Jim Connolly posted a link on his Google+ page to “No Such Thing As A Good Scraper” by AJ Kohn, who writes a pretty good analysis and summary of what content scrapers often do with your written content.
You’re not wholly sure what content scraping is? The Wikipedia definition of a scraper site will help you understand it, which starts thus:
A scraper site is a spam website that copies all of its content from other websites using web scraping. In the last few years scraper sites have proliferated at an amazing rate for spamming search engines.
There’s even software you can buy that will automate the theft of content from other people’s websites. Check this description of one product (no, I’m not linking to it):
Web Content Extractor is the most powerful and easy-to-use data extraction software for web scraping and data extraction from the websites.
So it’s not a new thing and, according to AJ Kohn (and many others), is getting worse.
In Jim’s Google+ post, I found it interesting exchanging some opinions with one commenter there, Joel Hughes, who raised some good points that I’ve heard before as well, in essence thinking that content scraping isn’t so bad as long as the scraper links back to your original post.
Unfortunately, this isn’t innocently like recent services such as Pinterest (which faces copyright issues of its own). Scraped content that’s published on scraper websites often has the link to the original post changed to the clear disadvantage of the original content creator, as AJ Kohn illustrates in his post.
In my opinion, content scraping is theft, pure and simple.
If someone has taken your content – a larger proportion than anyone reasonably would say is a fair use – without your permission and reposted it (sometimes, repurposed) often surrounded with ads, that’s theft.
Clearly stating on your site what you allow others to do with your content (a Creative Commons license is the easiest way for this) is great for honest folk. Scrapers tend not to be in this group, so t&c or whatever would have little impact.
So does that mean, then, that this is all part of the online landscape and we just live with it?
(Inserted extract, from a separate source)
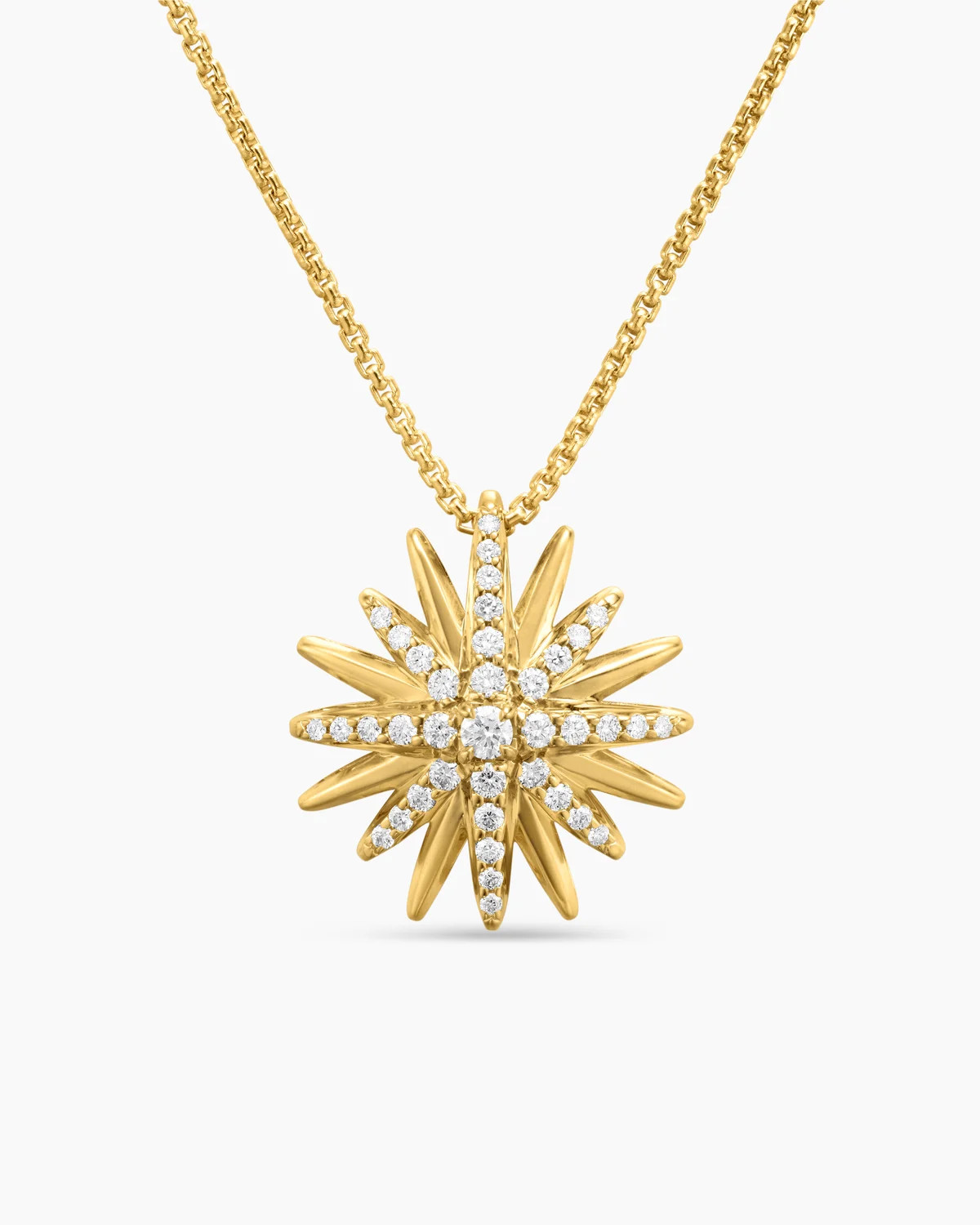 David Yurman | Starburst Pendant Necklace in 18K Yellow Gold with Diamonds, 19mm | David Yurman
AJ Kohn has a clear view on that in his post:
[…] We turn a blind eye and whistle past the graveyard happily trusting that Google will sort it all out. They’ll make sure that the original content is returned instead of the scraped content. That’s a lot of faith to put in Google, particularly as they struggle to keep up with the increasing pace of digital content.
Yet, we whine about how SEO is viewed by those outside of the industry. And we’ll whine again when Google gets a search result wrong and shows a scraper above the original content. Indignant blog posts will be written.
[…] It doesn’t have to be that way.
Why not build a Chrome extension that lets me flag and report scraper sites? Or a WordPress Plugin that lets me mark and report a site as a scraper directly within the comment interface. Or how about a section in Google Webmaster Tools where I can review links?
Such tech measures would help, undoubtedly. Yet I fear that content scraping really is part of the online landscape as it’s a lot to do with behaviours and how people use the tech. Maybe it is something that we’ll have to regard as we have done for years with email spam – an irritant, something that is in our environment. As Kohn eloquently says:
This stuff is garbage. It’s content pollution. It is the arterial plaque of the Internet.
At least, you can make sure you have in place clarity about your content on the web even if the scrapers will steal it anyway.